The time-to-live value (TTL) setting designates how far multicast UDP/IP packets can travel on a network. The TTL is expressed in terms of how many hops a packet survives; each network interface, router, and managed switch is considered one hop.

The TTL value should be set to the lowest integer value that works. Setting the value too high can use unnecessary bandwidth on other LAN segments and can even cause the operating system or network devices to disable multicast traffic. Typically, setting the TTL value to 1 works on a simple switched backbone. A value of 2 or more may be required on an advanced backbone with intelligent switching. A value of 0 is used for single server clusters that are used for development and testing. See "Enabling Single-Server Mode" for more information on single server clusters.

To specify the TTL, edit the operational override file and add a <time-to-live> element that includes the TTL value. For example:

<?xml version='1.0'?>

<coherence xmlns:xsi="http://www.w3.org/2001/XMLSchema-instance"
   xmlns="http://xmlns.oracle.com/coherence/coherence-operational-config"
   xsi:schemaLocation="http://xmlns.oracle.com/coherence/
   coherence-operational-config coherence-operational-config.xsd">
   <cluster-config>
      <multicast-listener>
         <time-to-live system-property="tangosol.coherence.ttl">3</time-to-live>
      </multicast-listener>
   </cluster-config>
</coherence>

The tangosol.coherence.ttl system property is used to specify the TTL value instead of using the operational override file. For example:

-Dtangosol.coherence.ttl=3

6.4.4 Specifying the Multicast Join Timeout

The multicast join timeout defines how much time a cluster member waits to join a cluster. If the timeout is reached and an existing cluster is not detected, then the cluster member starts its own cluster and elects itself as the senior cluster member. A short timeout can be specified during development and testing. A timeout of 30 seconds is generally adequate for production environments.

Note:

The first member of the cluster waits the full duration of the join timeout before it assumes the role of the senior member. If the cluster startup timeout is less than the join timeout, then the first member of the cluster fails during cluster startup. The cluster member timeout is specified using the packet publisher timeout (<timeout-milliseconds>). See "packet-delivery".

To specify the join timeout, edit the operational override file and add a <join-timeout-milliseconds> element that includes the timeout value.
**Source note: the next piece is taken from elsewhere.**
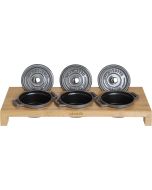 Servierbrett für drei Mini-Cocottes, Bambus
For example:

<?xml version='1.0'?>

<coherence xmlns:xsi="http://www.w3.org/2001/XMLSchema-instance"
   xmlns="http://xmlns.oracle.com/coherence/coherence-operational-config"
   xsi:schemaLocation="http://xmlns.oracle.com/coherence/
   coherence-operational-config coherence-operational-config.xsd">
   <cluster-config>
      <multicast-listener>
         <join-timeout-milliseconds>6000</join-timeout-milliseconds>
      </multicast-listener>
   </cluster-config>
</coherence>

6.4.5 Changing the Multicast Threshold

Cluster members use both multicast and unicast communication when sending cluster packets. The multicast threshold value is used to determine whether to use multicast for packet delivery or unicast. Setting the threshold higher or lower can force a cluster to favor one style of communication over the other. The threshold setting is not used if multicast communication is disabled.

The multicast threshold is a percentage value and is in the range of 1% to 100%. In a cluster of n members, a cluster member that is sending a packet to a set of destination nodes (not counting itself) of size d (in the range of 0 to n-1) sends a packet using multicast only if the following hold true:

  • The packet is being sent over the network to multiple nodes (d > 1).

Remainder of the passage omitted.